I think the main point, though, is that even in the most extreme case of a literal angelic visitor literally appearing, things can always be reduced to scientific and naturalistic explanations.  Such is the nature of science.

For an angel, we can explain its visibility by measuring the effective interaction potential.  This effect interaction may turn out to correspond to the potential of some particular arrangement of matter -- the angel absolutely is not made of matter, or of anything really, but scientific measurement of its scattering process will indicate matter regardless.  Most scientists would then conclude (not unreasonably) that therefore that's what angels are made of.

If a person were to walk on water, hypothetically, a scientist making observation of this would conclude that some additional force were present under the foot, or that the surface tension of water was altered, or that the water molecules were coalesced under the foot to provide extra fluid pressure, all due to some observable process involving the acceleration of molecules.  And where molecules accelerate, there is by definition a force.

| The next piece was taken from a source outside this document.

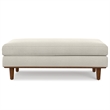 Morrison 49 inch Wide Modern Table Ottoman in Cream White Woven-Blend Fabric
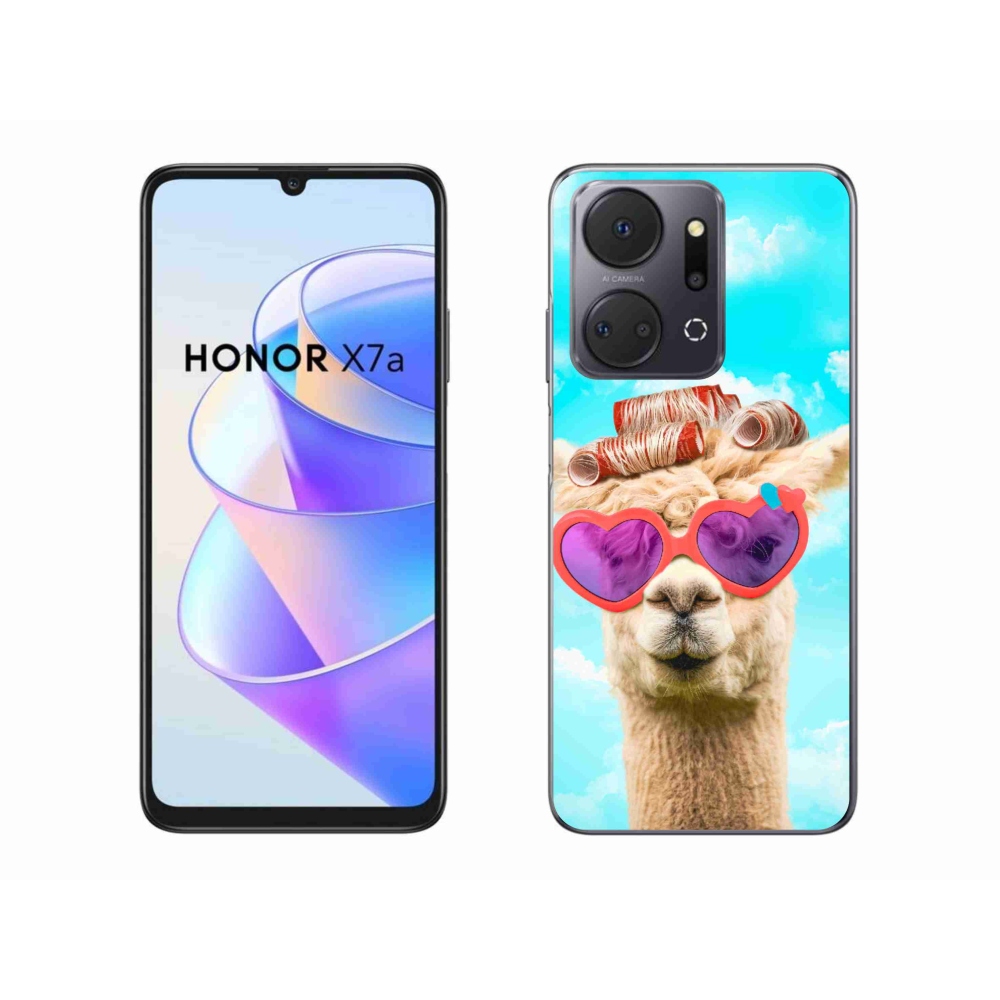 Gelový kryt mmCase na Honor X7a - lama s brýlemi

If a person were to turn water in to wine, an observing scientist would notice the spontaneous creation of hydrocarbons and the vanishing of oxygen atoms.  With enough measurement, the scientist could likely describe this process in terms of Feynman diagrams and particle creation/annihilation.  If not Feynman diagrams, then something.  An explanation can be found, and it can be found based on the observations of the event.

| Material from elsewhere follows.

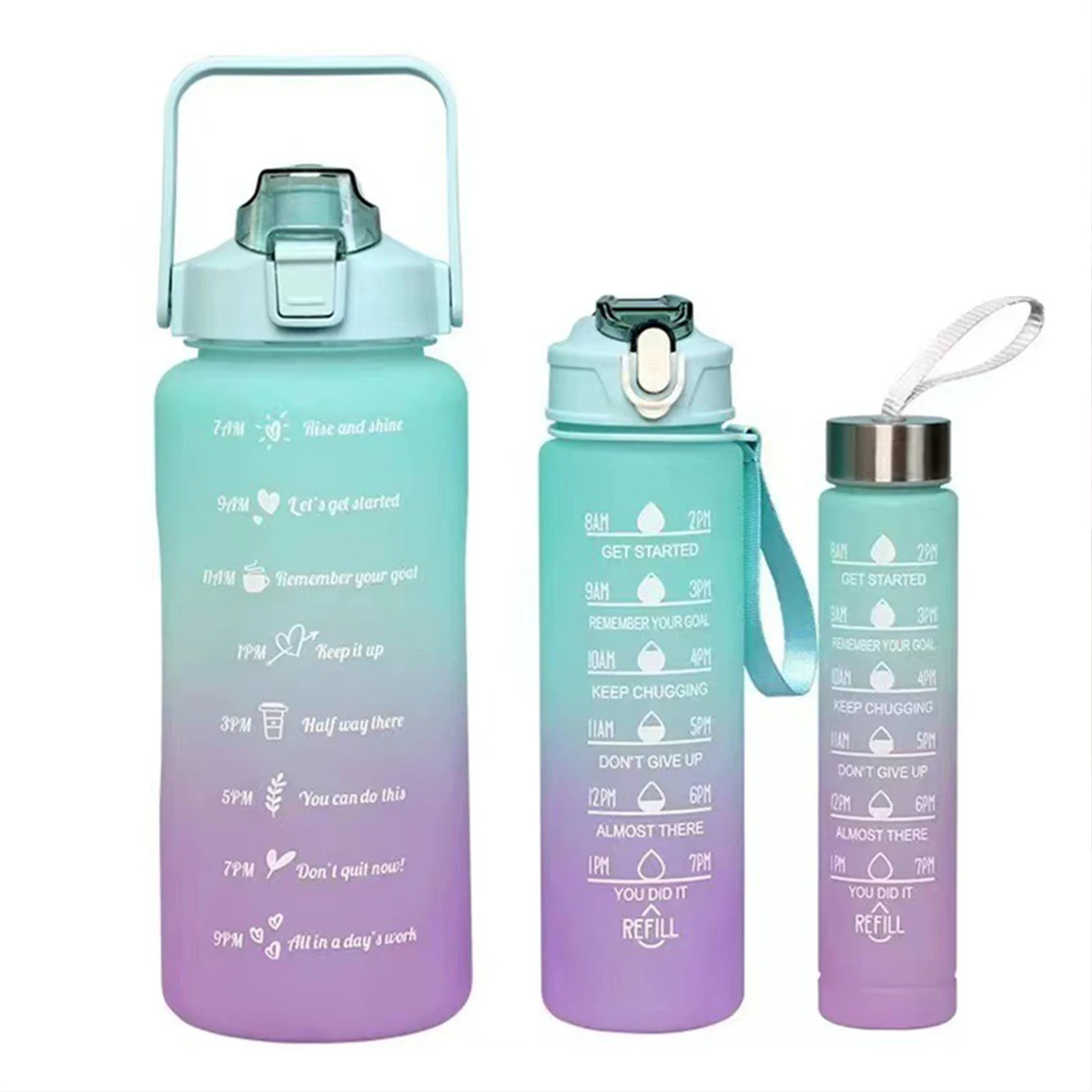 Custom Frosted Gradient Three Cups Outdoor Portable Sports Water Bottle Large Capacity Ton Cup Plastic Water Cup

Whatever miracle occurs, there will always exist a naturalistic, scientific explanation by virtue of the fact that the movement of matter and light can always be described in terms of forces, potentials, and interactions, by the very definition of these concepts.  Natural descriptions will always exist, and these descriptions will always be taken to suffice.

If nothing else, this makes the philosophical proposal of naturalists and materialists ("All you touch and all you see is all you are and all you'll be") an unfalsifiable claim.  If a hypothetical, literal angel from heaven (were such to ever exist) can be rendered in to terms of natural scattering and interactions, then it is no longer a meaningful scientific question if there exists anything beyond the natural world.  It is definitely not the final and certain conclusion of scientific progress.

At the same time, it renders all claims of supernaturalists scientifically unfalsifiable.  If I can show that your so-called angel behaves no differently in the presence of light than does normal matter and therefore must be made of matter, then you can rejoin that that is only what my measurements say, contrary to reality.  After all, as I explained above, even a completely ethereal, spiritual, non-physical angel, were it capable of being detected at all, must be describable in terms of effective interactions.  No experiment will be able to discern the difference.  Therefore we are also beyond falsifiability, and the nature of your angel is no longer a meaningful scientific question.

Science will always say that every phenomenon is natural, no matter what it is, because science will always only measure its natural properties, and will always be able to describe those natural properties in natural terms.

It is impossible to distinguish between a strictly natural, rationalist universe with nothing but the purely physical laws, and a universe full of supernatural elements and miracles.

Also, for those of us who do believe in literal angels that are made of pure spirit and yet have, at certain times, shown themselves to human people, there is an interesting quandary here.  What is this effective interaction?  Whence does it arise?  How do angels apparently turn it on and off at will?  What implications are there for this force capable of coupling to both light and matter?  What models might describe it?  What does this say about the nature of angels and other heavenly beings?

Really, there's no way to answer any of this, because angels, even if they existed, would not willingly subject themselves to scientific experiments for our amusement.  I just thought it was fun to think about.